● **What you should do**: Locate the line that contains "Під час зустрічі". Retype it and every line after it to the end of the records, exactly, but not the pictures.

● **Data**:
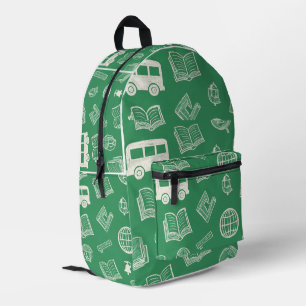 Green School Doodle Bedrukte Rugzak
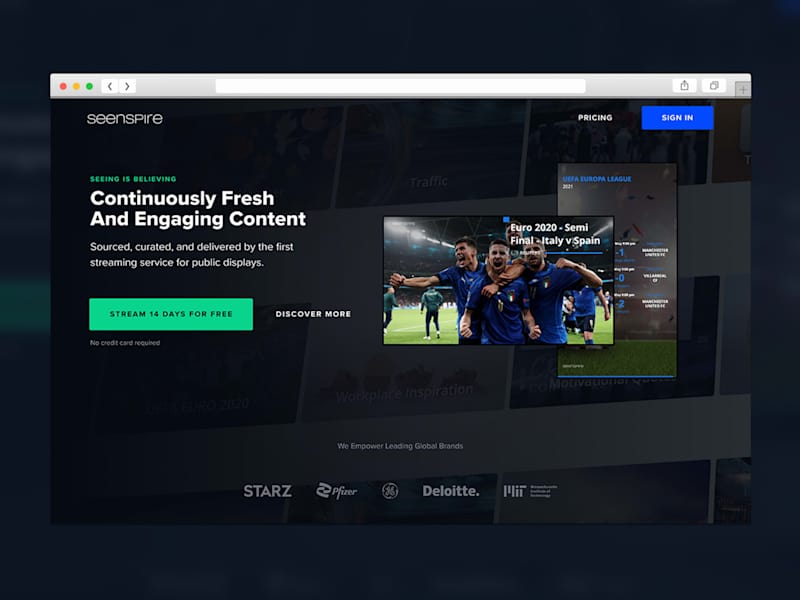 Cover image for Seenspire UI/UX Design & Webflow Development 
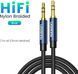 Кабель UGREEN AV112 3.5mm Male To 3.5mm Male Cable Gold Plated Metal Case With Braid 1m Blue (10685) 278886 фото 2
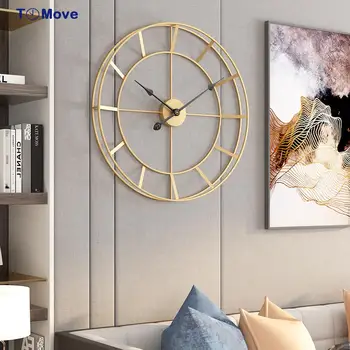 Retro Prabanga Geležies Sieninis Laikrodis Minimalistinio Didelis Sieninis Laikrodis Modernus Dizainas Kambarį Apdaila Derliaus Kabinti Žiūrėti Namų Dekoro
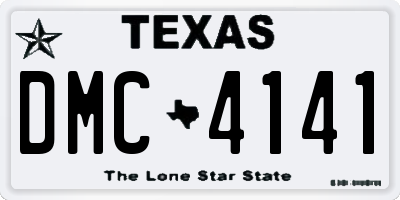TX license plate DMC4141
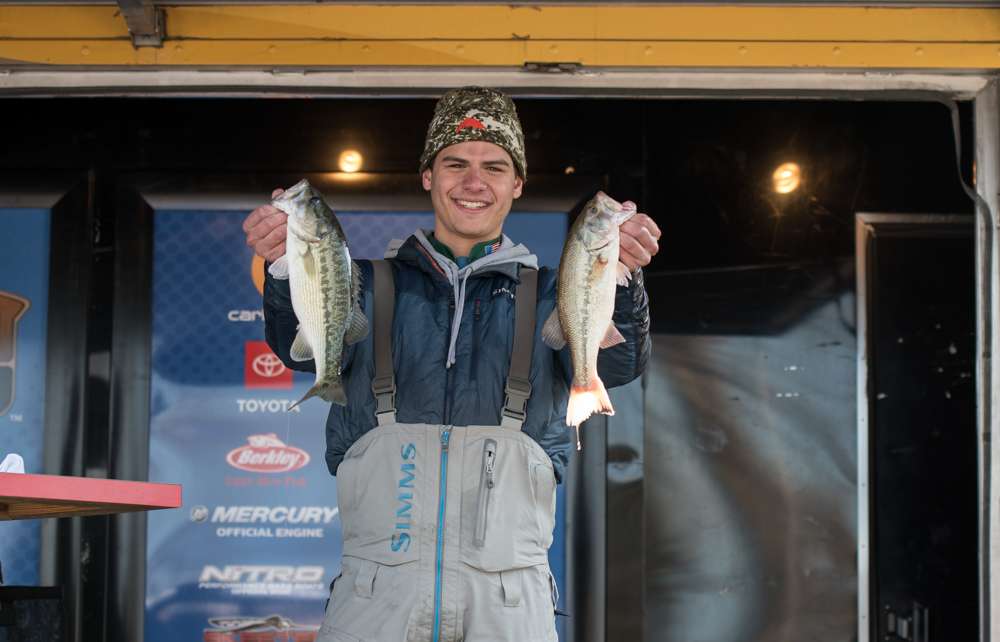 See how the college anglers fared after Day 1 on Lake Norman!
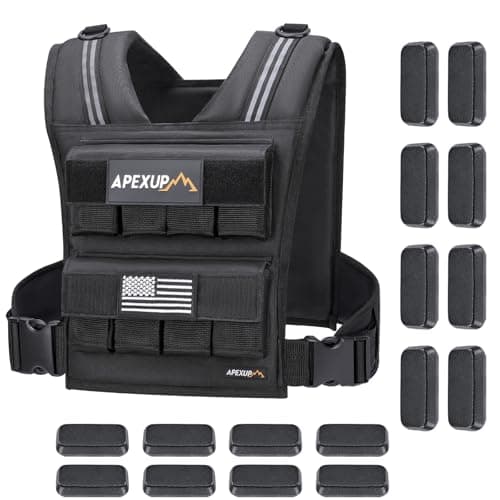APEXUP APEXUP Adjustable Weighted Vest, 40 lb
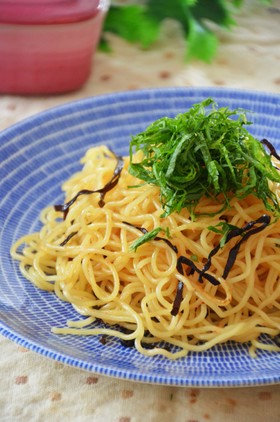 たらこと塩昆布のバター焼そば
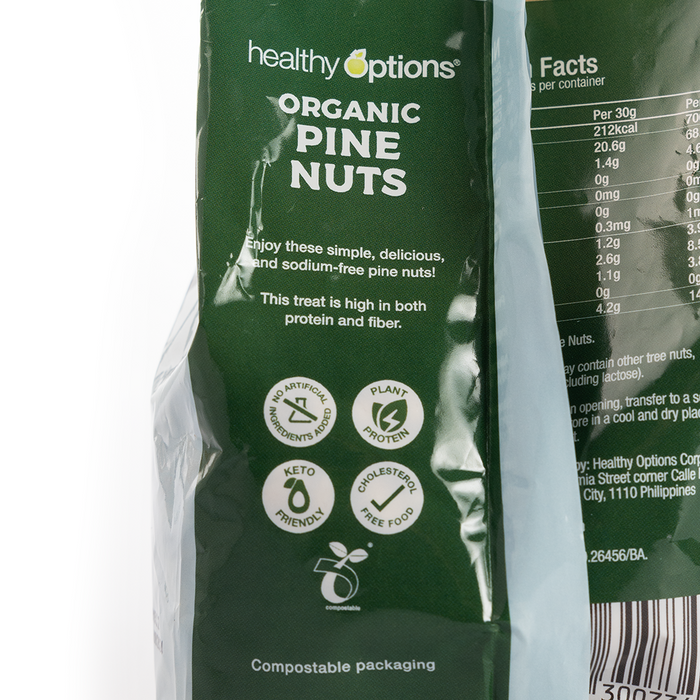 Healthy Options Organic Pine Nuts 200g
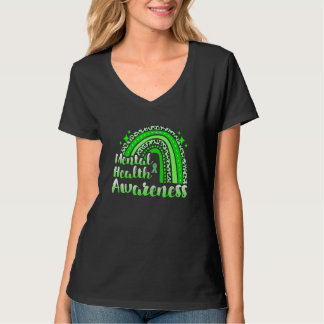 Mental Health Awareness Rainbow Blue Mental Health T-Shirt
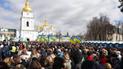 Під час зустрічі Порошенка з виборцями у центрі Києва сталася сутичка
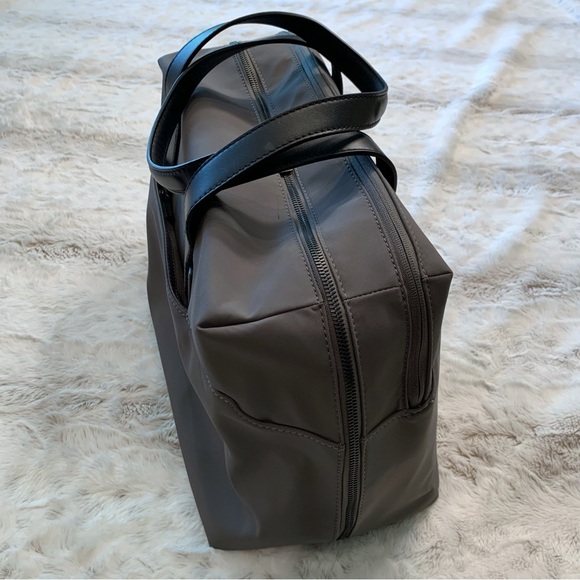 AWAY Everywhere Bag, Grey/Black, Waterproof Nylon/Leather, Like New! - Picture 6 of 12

● **Exercise result**:
 Під час зустрічі Порошенка з виборцями у центрі Києва сталася сутичка
 AWAY Everywhere Bag, Grey/Black, Waterproof Nylon/Leather, Like New! - Picture 6 of 12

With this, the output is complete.